DATA SHOWN below:

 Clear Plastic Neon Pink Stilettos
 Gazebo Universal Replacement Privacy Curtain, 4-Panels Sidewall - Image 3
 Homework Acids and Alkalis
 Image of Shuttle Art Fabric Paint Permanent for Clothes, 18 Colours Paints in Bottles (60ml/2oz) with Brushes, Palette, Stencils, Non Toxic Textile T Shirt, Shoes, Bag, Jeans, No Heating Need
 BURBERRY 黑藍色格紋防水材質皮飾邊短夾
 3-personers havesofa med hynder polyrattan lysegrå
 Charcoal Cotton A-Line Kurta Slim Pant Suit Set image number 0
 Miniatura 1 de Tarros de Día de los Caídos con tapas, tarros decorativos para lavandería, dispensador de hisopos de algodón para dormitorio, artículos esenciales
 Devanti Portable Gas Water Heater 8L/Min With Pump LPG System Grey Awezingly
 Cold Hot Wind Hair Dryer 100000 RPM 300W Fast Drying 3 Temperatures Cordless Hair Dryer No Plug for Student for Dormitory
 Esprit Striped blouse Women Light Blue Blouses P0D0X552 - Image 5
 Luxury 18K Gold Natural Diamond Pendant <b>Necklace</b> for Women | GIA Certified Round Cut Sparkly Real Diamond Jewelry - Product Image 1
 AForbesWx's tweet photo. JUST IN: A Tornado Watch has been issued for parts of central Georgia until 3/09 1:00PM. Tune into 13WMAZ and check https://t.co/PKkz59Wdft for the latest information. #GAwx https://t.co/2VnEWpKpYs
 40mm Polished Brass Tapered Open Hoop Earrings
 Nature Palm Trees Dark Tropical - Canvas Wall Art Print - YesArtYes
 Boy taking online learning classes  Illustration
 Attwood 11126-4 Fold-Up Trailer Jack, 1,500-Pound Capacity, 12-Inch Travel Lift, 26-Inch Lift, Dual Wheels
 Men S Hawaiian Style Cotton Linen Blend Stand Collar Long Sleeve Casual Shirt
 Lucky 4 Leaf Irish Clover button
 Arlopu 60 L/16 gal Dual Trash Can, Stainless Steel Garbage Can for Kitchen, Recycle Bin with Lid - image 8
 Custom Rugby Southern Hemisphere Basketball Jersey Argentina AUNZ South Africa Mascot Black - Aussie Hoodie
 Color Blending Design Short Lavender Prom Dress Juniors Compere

End of DATA SHOWN.

### TASK REQUIREMENTS
Once you reach the line containing "Boy taking online", include it and stop; until then, reproduce each line of the listing from its start exactly.

### ANSWER
 Clear Plastic Neon Pink Stilettos
 Gazebo Universal Replacement Privacy Curtain, 4-Panels Sidewall - Image 3
 Homework Acids and Alkalis
 Image of Shuttle Art Fabric Paint Permanent for Clothes, 18 Colours Paints in Bottles (60ml/2oz) with Brushes, Palette, Stencils, Non Toxic Textile T Shirt, Shoes, Bag, Jeans, No Heating Need
 BURBERRY 黑藍色格紋防水材質皮飾邊短夾
 3-personers havesofa med hynder polyrattan lysegrå
 Charcoal Cotton A-Line Kurta Slim Pant Suit Set image number 0
 Miniatura 1 de Tarros de Día de los Caídos con tapas, tarros decorativos para lavandería, dispensador de hisopos de algodón para dormitorio, artículos esenciales
 Devanti Portable Gas Water Heater 8L/Min With Pump LPG System Grey Awezingly
 Cold Hot Wind Hair Dryer 100000 RPM 300W Fast Drying 3 Temperatures Cordless Hair Dryer No Plug for Student for Dormitory
 Esprit Striped blouse Women Light Blue Blouses P0D0X552 - Image 5
 Luxury 18K Gold Natural Diamond Pendant <b>Necklace</b> for Women | GIA Certified Round Cut Sparkly Real Diamond Jewelry - Product Image 1
 AForbesWx's tweet photo. JUST IN: A Tornado Watch has been issued for parts of central Georgia until 3/09 1:00PM. Tune into 13WMAZ and check https://t.co/PKkz59Wdft for the latest information. #GAwx https://t.co/2VnEWpKpYs
 40mm Polished Brass Tapered Open Hoop Earrings
 Nature Palm Trees Dark Tropical - Canvas Wall Art Print - YesArtYes
 Boy taking online learning classes  Illustration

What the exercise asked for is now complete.